Collected data
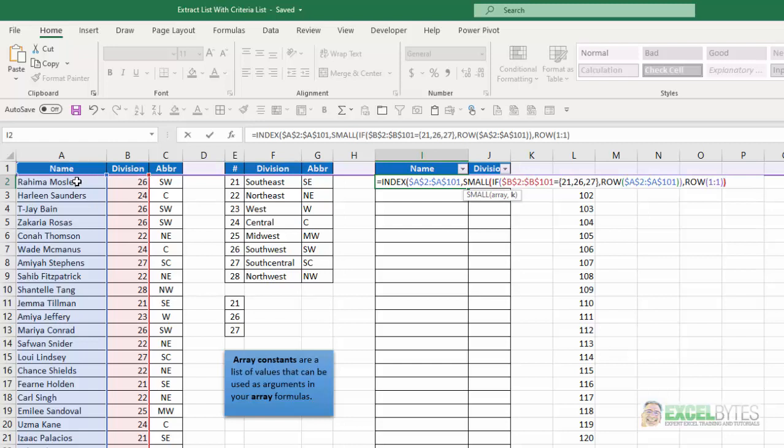And as I drag that down, that'll become a 2, a 3, a 4, a 5. So that'll give me the first smallest row number, the second smallest row number, the third smallest row number in that list that match that criteria. Now, because I'm starting my data set in row 2, I have to subtract a 1 here.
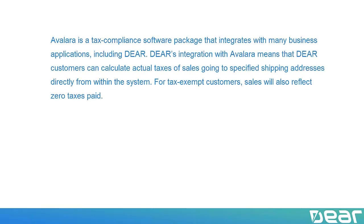Avalara is a tax-compliance software package that integrates with many business applications, including DEAR. DEAR's integration with Avalara means that DEAR customers can calculate actual taxes of sales going to specified shipping addresses directly from within the system.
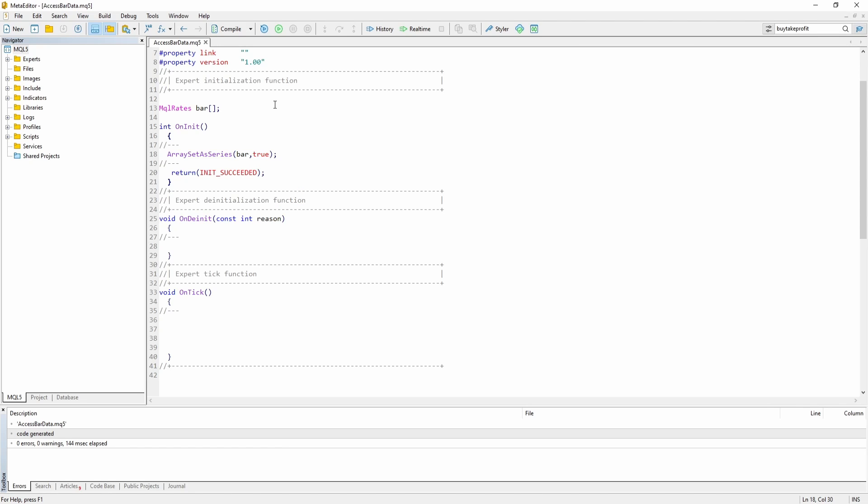What this function does is it takes our array and treats it like a series, which basically means that all new elements will be placed at the beginning of the array and not at the end. So the most up to date data will be found at index zero compared to a normal array where new data will be put at the end, at the last index of the array.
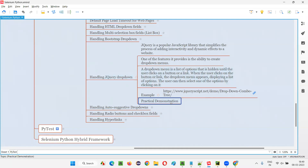So this is how we automate jQuery drop-down menus using Selenium Python. With this practical demonstration, I've covered everything in this session. That's all for this session — see you in the next one. Thank you, bye.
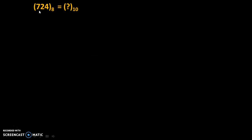Let's take an example. Suppose we need to convert this octal number into a decimal number: 724 to the base 8 equals question mark to the base 10. Here, base 8 means this number is in octal number system, and base 10 means we need to convert that number into decimal number system.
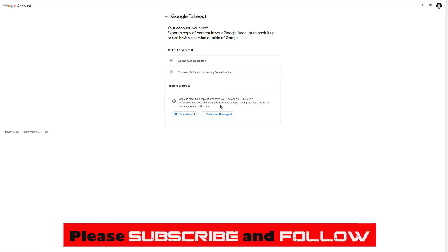Hopefully that helps you. Please help me by hitting that subscribe button and have yourself a great day.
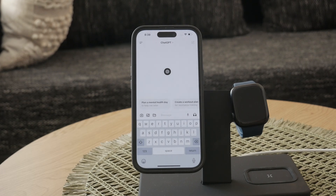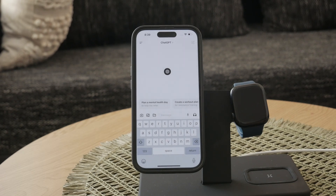Additionally, you will be asked to verify your phone number. OpenAI will send a six-digit code to your phone, which you need to enter in the app. Once you've completed these steps, log into your account.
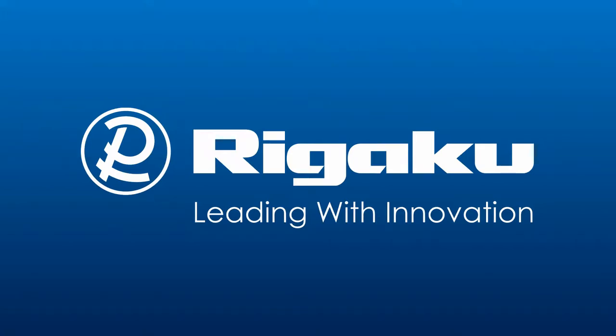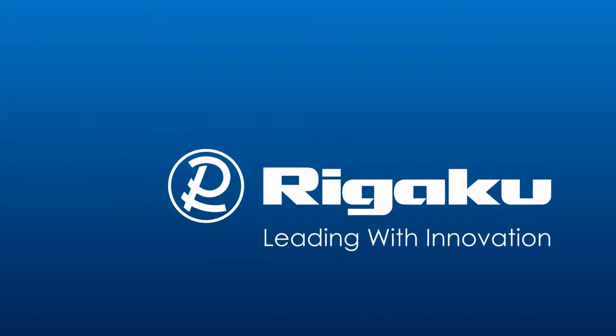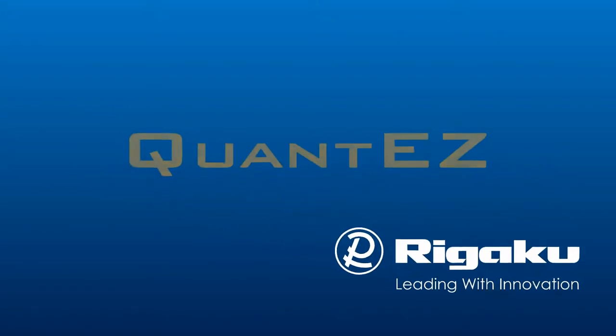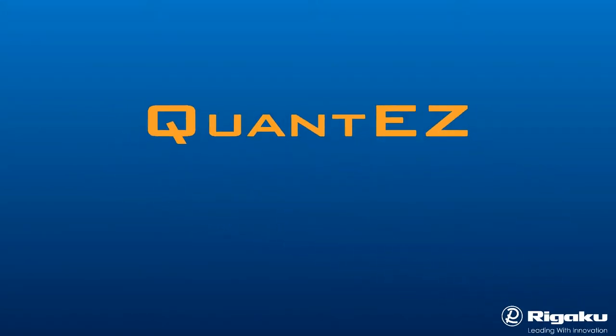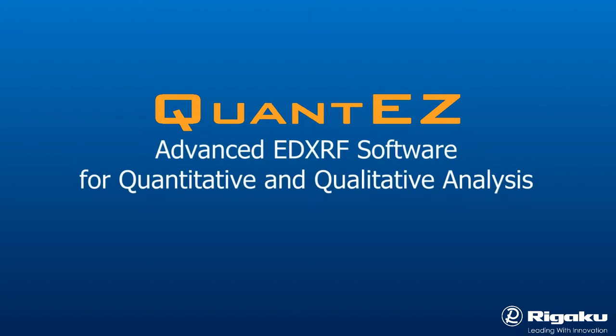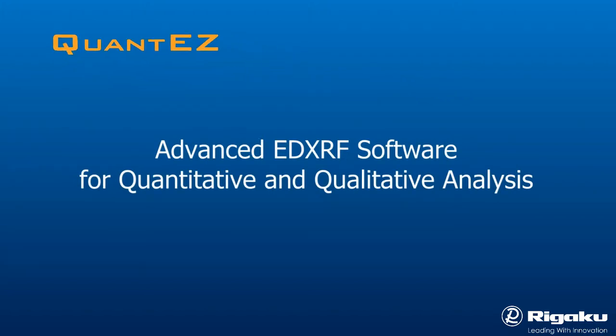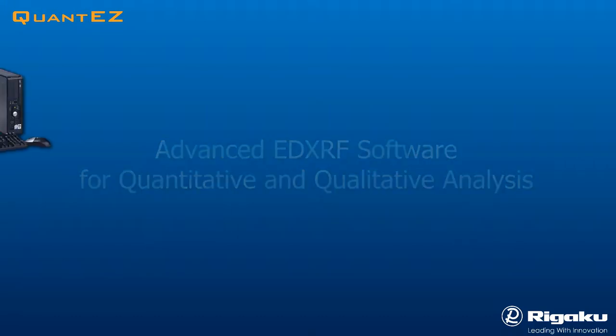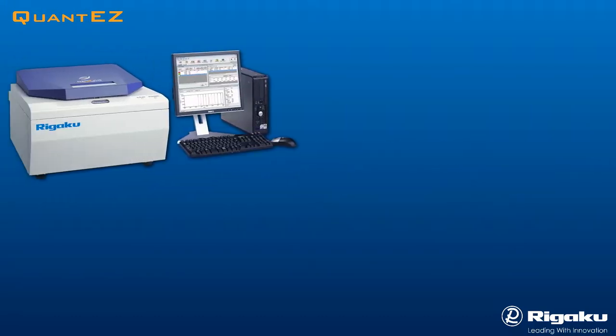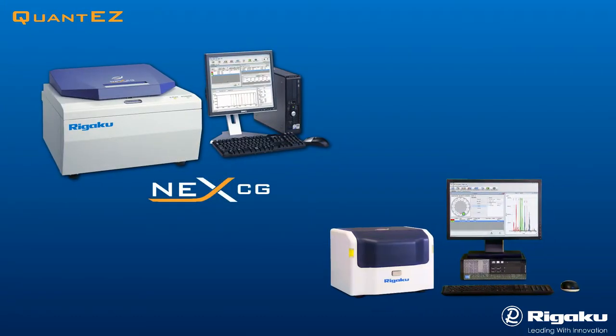Rigaku, the leading X-ray analytical instrumentation company, offers QuantEZ advanced EDXRF analytical software with the NexCG, NexDE, and NexQC QuantEZ instruments.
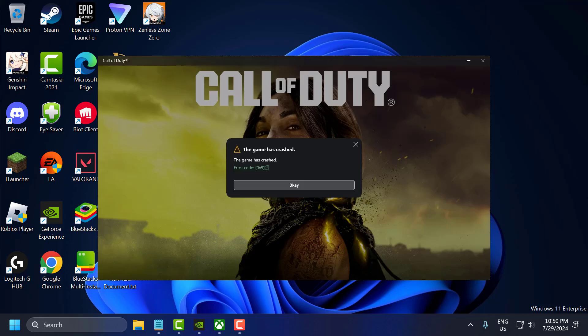Hello guys, welcome to my channel. Today we are going to see how to fix Call of Duty Modern Warfare 3 error code 0x9. The game has crashed on PC for Xbox Game Pass users. Let's fix it guys.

▶ _EXERCISE GOAL_: Exact repetition is the task: every line from the start of the data to the line with "So this is how", inclusive, and none after it, pictures omitted.

▶ _SOLVED PROBLEM_:
And as I drag that down, that'll become a 2, a 3, a 4, a 5. So that'll give me the first smallest row number, the second smallest row number, the third smallest row number in that list that match that criteria. Now, because I'm starting my data set in row 2, I have to subtract a 1 here.
Avalara is a tax-compliance software package that integrates with many business applications, including DEAR. DEAR's integration with Avalara means that DEAR customers can calculate actual taxes of sales going to specified shipping addresses directly from within the system.
What this function does is it takes our array and treats it like a series, which basically means that all new elements will be placed at the beginning of the array and not at the end. So the most up to date data will be found at index zero compared to a normal array where new data will be put at the end, at the last index of the array.
So this is how we automate jQuery drop-down menus using Selenium Python. With this practical demonstration, I've covered everything in this session. That's all for this session — see you in the next one. Thank you, bye.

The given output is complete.